When the line with "Used 2025 Nissan" appears below, start repeating lines exactly, and keep going through the line with "Lithuanian Dancers"; add nothing outside that span.

* [Exercise data]:
++++++++++

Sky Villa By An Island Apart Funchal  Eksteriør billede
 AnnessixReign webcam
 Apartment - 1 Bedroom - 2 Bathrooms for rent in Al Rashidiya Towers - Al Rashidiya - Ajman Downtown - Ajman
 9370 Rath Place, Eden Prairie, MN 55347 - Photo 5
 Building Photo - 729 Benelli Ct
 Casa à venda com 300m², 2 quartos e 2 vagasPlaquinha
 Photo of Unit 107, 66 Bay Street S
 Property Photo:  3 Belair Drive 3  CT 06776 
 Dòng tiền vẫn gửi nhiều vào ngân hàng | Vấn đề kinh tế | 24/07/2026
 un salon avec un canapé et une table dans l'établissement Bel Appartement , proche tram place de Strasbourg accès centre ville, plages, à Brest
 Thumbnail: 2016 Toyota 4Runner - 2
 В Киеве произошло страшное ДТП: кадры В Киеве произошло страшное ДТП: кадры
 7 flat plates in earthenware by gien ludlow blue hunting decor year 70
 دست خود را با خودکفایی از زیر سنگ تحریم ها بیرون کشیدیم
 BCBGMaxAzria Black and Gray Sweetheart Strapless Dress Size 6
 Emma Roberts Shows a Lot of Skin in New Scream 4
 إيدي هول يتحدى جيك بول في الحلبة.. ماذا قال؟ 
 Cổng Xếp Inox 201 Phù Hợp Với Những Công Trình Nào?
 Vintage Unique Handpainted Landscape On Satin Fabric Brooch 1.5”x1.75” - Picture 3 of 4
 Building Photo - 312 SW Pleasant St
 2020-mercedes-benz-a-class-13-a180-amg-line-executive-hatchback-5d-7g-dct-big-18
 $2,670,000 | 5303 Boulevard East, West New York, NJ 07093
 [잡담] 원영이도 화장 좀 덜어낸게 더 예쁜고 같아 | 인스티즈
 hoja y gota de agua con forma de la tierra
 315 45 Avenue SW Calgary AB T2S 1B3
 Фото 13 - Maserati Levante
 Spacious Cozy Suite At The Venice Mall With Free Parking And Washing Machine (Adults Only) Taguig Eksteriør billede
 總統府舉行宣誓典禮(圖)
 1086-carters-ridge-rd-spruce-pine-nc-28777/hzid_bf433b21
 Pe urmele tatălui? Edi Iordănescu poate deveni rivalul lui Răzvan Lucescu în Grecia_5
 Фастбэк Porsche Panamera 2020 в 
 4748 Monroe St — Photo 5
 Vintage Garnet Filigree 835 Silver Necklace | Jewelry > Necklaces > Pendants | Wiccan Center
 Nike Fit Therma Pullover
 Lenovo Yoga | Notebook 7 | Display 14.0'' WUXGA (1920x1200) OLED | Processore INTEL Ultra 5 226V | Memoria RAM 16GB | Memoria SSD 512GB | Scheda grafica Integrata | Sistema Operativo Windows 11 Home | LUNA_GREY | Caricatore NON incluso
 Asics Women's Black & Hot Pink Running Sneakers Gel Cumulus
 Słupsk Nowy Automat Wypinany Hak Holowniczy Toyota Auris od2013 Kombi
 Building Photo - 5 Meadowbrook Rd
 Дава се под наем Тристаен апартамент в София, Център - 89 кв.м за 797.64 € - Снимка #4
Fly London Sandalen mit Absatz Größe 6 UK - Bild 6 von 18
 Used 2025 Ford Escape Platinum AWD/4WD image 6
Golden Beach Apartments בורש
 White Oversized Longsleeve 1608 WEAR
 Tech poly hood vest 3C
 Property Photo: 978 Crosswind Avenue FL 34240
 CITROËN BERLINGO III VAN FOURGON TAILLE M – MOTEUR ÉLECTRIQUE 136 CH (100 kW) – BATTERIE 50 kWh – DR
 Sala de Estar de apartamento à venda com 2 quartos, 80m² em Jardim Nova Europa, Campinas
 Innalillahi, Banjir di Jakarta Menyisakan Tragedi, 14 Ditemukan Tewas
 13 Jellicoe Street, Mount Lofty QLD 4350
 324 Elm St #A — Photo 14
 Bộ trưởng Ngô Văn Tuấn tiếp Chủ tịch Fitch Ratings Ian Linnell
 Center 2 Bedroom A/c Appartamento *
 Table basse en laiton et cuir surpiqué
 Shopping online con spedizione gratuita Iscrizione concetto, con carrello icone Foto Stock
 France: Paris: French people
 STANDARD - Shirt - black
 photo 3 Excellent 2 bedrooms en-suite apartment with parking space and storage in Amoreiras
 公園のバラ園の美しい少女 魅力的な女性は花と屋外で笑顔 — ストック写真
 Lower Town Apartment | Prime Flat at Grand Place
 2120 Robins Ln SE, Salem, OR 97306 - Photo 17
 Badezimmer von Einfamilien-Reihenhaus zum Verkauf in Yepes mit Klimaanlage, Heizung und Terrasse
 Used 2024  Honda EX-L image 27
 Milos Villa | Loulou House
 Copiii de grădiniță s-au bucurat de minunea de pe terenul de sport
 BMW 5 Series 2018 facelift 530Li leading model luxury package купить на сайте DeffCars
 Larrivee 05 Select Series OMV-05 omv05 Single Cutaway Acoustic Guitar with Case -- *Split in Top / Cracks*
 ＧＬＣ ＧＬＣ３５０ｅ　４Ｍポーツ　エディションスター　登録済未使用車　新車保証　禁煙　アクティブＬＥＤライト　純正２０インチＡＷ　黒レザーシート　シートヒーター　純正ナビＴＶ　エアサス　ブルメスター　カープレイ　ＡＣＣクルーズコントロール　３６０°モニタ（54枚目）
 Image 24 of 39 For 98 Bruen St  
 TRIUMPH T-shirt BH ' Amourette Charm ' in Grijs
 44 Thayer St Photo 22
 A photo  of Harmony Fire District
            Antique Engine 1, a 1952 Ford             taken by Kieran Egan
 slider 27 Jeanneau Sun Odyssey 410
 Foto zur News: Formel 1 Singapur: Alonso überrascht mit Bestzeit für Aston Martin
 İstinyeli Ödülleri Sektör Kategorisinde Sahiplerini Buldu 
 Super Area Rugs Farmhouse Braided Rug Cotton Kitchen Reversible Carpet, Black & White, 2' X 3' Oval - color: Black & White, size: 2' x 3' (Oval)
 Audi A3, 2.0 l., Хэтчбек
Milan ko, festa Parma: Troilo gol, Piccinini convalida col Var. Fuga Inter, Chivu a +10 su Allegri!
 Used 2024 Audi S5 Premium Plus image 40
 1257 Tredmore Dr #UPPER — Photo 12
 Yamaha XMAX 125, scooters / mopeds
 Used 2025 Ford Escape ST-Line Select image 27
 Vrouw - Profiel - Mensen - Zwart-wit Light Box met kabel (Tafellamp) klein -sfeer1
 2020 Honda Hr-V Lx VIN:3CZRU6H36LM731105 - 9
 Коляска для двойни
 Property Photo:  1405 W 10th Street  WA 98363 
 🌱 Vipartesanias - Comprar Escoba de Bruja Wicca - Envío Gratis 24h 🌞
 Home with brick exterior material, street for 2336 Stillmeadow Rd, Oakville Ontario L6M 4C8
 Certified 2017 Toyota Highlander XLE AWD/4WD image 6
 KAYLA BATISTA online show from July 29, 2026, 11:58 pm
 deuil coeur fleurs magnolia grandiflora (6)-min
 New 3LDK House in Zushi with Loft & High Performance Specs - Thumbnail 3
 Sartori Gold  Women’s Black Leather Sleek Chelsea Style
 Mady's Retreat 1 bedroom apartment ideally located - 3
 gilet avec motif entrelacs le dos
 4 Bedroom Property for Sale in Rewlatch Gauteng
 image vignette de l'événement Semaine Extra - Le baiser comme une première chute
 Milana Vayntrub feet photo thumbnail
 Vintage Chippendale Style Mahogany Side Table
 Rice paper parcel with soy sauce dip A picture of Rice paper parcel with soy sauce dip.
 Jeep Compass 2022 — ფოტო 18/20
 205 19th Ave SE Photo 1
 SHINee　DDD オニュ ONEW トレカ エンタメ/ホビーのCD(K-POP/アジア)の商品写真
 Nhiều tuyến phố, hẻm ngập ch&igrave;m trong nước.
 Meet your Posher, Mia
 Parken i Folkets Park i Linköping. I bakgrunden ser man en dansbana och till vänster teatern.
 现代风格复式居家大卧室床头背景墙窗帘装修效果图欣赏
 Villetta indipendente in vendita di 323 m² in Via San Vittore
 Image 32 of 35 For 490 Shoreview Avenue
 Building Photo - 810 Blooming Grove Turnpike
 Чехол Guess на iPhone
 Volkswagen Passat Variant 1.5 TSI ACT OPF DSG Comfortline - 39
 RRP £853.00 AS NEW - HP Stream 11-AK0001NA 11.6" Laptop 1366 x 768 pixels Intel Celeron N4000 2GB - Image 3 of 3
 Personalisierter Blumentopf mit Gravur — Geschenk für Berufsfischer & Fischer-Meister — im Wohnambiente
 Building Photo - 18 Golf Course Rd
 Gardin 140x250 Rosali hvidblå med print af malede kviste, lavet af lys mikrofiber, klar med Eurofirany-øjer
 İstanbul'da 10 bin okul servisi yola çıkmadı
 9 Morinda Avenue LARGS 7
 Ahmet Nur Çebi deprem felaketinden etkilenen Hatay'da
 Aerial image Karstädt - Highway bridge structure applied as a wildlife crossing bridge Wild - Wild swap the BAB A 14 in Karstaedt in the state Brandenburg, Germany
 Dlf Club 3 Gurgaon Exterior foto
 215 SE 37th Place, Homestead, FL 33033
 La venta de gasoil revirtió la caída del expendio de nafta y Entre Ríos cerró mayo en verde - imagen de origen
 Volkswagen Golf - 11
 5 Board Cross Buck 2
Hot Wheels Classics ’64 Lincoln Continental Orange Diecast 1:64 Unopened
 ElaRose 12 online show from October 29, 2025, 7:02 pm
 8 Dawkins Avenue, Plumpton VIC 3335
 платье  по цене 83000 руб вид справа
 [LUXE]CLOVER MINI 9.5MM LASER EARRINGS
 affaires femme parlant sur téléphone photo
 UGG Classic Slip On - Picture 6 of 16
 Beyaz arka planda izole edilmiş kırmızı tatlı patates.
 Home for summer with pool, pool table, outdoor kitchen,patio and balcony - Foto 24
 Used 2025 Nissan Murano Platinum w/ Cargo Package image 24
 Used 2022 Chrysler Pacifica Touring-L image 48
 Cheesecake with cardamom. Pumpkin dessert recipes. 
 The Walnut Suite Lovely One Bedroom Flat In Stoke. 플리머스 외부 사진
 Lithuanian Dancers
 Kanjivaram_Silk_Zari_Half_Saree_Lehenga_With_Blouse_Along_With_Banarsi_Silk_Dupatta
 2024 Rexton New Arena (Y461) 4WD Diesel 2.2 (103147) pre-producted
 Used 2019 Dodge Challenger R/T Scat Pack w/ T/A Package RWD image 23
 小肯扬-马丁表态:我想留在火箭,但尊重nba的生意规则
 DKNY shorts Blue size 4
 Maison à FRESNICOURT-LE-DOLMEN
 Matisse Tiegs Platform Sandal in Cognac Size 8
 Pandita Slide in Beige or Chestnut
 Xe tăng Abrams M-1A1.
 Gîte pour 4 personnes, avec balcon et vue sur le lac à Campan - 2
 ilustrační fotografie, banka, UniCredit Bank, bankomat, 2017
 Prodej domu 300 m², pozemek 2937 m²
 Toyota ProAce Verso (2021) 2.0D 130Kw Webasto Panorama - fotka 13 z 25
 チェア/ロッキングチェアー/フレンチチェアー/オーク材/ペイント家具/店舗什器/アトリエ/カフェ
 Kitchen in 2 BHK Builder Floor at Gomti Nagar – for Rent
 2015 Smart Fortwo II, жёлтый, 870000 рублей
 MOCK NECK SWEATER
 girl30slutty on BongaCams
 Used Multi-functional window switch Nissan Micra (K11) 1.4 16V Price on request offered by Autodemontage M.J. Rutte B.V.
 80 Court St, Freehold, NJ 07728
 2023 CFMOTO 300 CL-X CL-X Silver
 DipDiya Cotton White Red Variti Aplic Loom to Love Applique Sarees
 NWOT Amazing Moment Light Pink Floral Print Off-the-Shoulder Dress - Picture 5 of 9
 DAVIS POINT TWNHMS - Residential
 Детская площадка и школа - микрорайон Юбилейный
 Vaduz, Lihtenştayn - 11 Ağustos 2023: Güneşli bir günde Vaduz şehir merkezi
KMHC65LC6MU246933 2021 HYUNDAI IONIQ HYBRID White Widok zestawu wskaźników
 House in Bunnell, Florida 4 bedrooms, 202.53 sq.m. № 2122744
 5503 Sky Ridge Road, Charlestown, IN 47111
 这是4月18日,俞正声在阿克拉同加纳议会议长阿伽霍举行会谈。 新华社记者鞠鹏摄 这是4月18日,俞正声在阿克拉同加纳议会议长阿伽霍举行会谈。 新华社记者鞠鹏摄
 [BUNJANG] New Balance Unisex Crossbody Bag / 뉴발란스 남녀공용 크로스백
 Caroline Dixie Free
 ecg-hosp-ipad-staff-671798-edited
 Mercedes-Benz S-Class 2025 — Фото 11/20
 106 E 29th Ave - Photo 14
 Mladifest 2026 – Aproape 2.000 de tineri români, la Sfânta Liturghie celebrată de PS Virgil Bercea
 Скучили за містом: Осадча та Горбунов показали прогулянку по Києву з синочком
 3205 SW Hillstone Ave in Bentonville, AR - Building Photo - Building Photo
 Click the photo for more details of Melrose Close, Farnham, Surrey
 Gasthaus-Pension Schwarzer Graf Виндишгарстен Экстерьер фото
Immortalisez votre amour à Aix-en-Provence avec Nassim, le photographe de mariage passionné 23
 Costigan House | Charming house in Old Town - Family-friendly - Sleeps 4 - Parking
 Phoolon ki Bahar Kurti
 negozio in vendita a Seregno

++++++++++

* [Exercise response]:
 Used 2025 Nissan Murano Platinum w/ Cargo Package image 24
 Used 2022 Chrysler Pacifica Touring-L image 48
 Cheesecake with cardamom. Pumpkin dessert recipes. 
 The Walnut Suite Lovely One Bedroom Flat In Stoke. 플리머스 외부 사진
 Lithuanian Dancers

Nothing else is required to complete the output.